Forum Discussion

Daryl_Gawn's avatar
Daryl_Gawn
Level 4
15 years ago
Solved

constant duplication failure

hi

I have just started a new job and they are using netback 7.0.1 which is failing to complete duplication, backup 2 disc is fine but duplication to tape isnt

I am getting some duplcation jobs failing with an error that has Critical bpdm(pid=7924) image open failed: error 2060013: no more entries. The job then starts up again later in the day and tries again delaying other jobs from starting.

I think the error is happening because it either can find the image on disc to duplicate or the image on disc has errors?

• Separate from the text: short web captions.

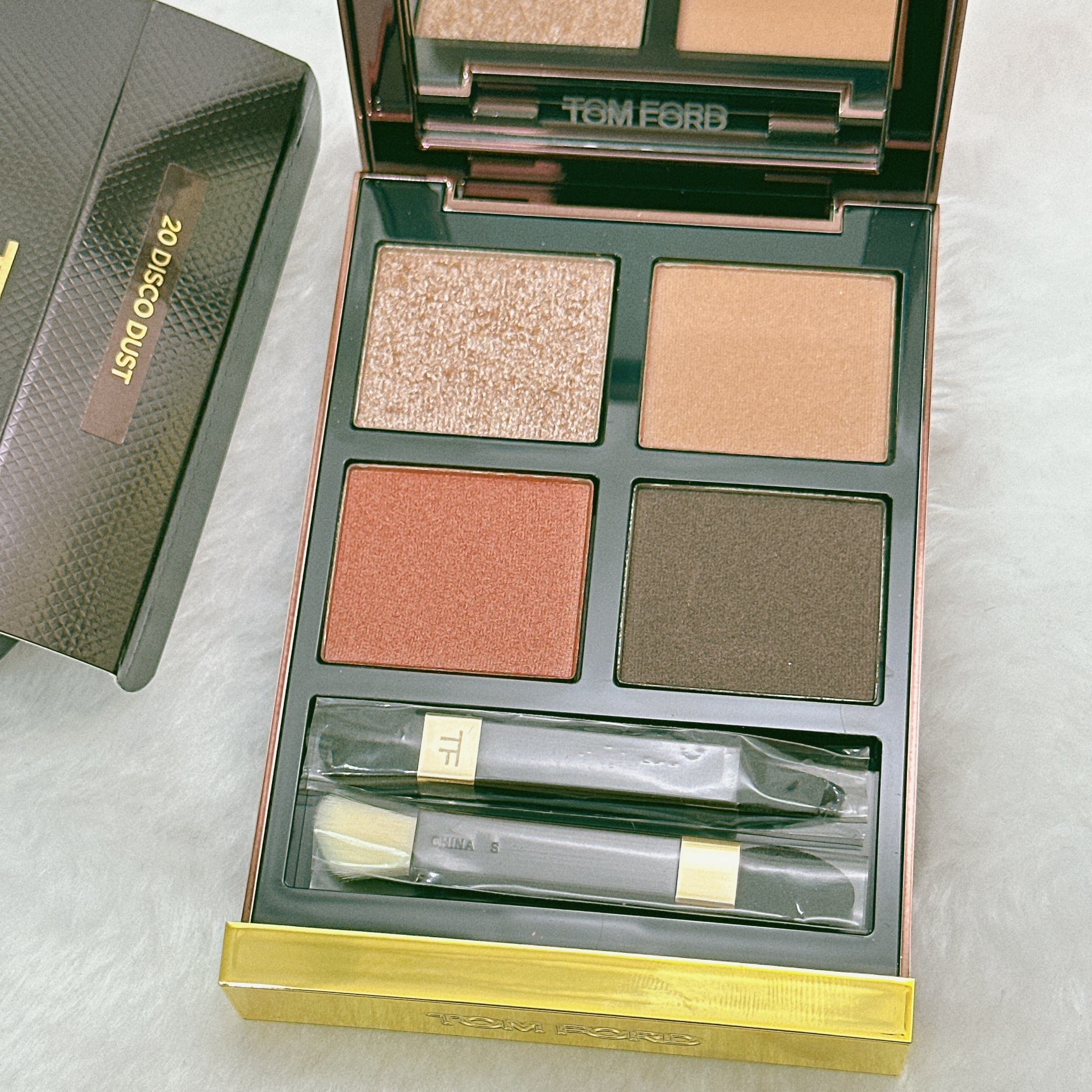 Tom Ford 幻魅四色眼影盤 #20 DISCO DUST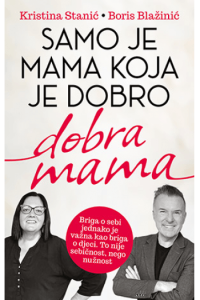Samo je mama koja je dobro dobra mama - naslovnica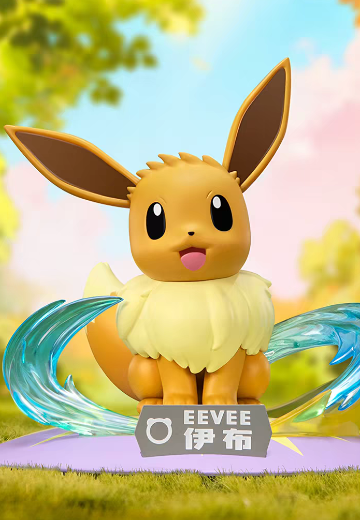 宝可梦闪耀瞬间 伊布 | Hpoi手办维基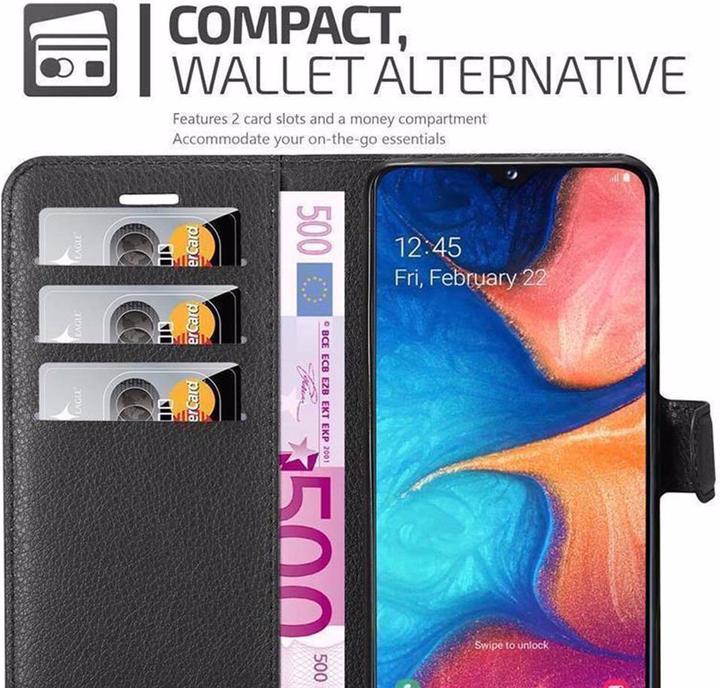 Immagine prodotto Cadorabo Libro con copertina con funzione di stand (Samsung Galaxy A10e)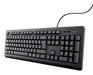 EAN 8713439246391 - Trust 24639 teclado Oficina USB No Inglés de EE. UU. Negro imagen 1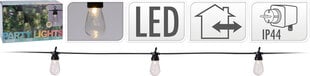 ProGarden LED vakarėlių apšvietimo rinkinys, 20 lempučių, 12V kaina ir informacija | Lauko šviestuvai | pigu.lt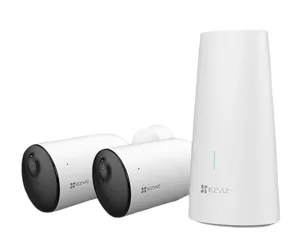EZVIZ HB3-B2 Коробочная версия IP камера видеонаблюдения Вне помещения 2304 x 1296 пикселей Стена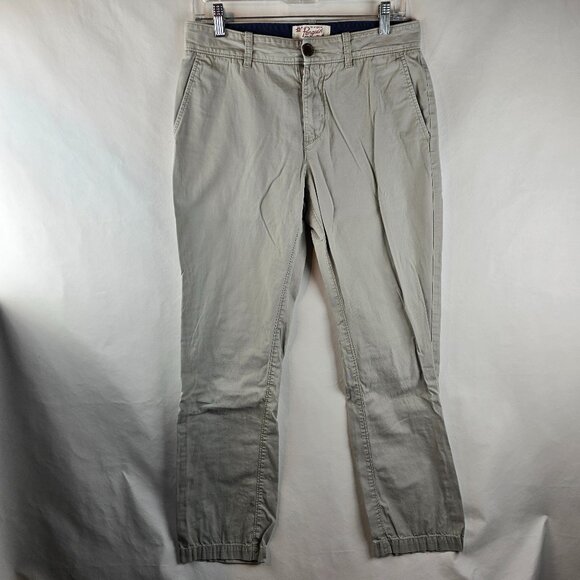 Original Penguin Pants Mens 30x32 Beige Chino Khaki Straight Preppy Classiccore - Picture 1 of 11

If that is correct im not really interesting in troubleshooting why the image has errors i just want to clear the job from starting up again  prevent it from starting again

I have done some research but need some futher assistance

I think these are old jobs that have failed to duplicate, the reason i think this is i ran /bin/admincmd/nbstlutil stlilist -incomplete and gave me alot of entries of jobs, i know they are old jobs as the policy they ran under is for jobs run earlier in June.

The job ids in the logs are also the ones showing in the file list (in activity monitor )of the same duplication jobs that are failing.

I found this article below on how to clear the jobs which i have done and the jobs temporarily dissapeared after i deleted them then re - running this command to see that they are not in the list anymore

http://www.symantec.com/business/support/index?page=content&id=HOWTO36392

I thought that worked but then i logged in later in the day to find all the same duplication jobs started and failed again.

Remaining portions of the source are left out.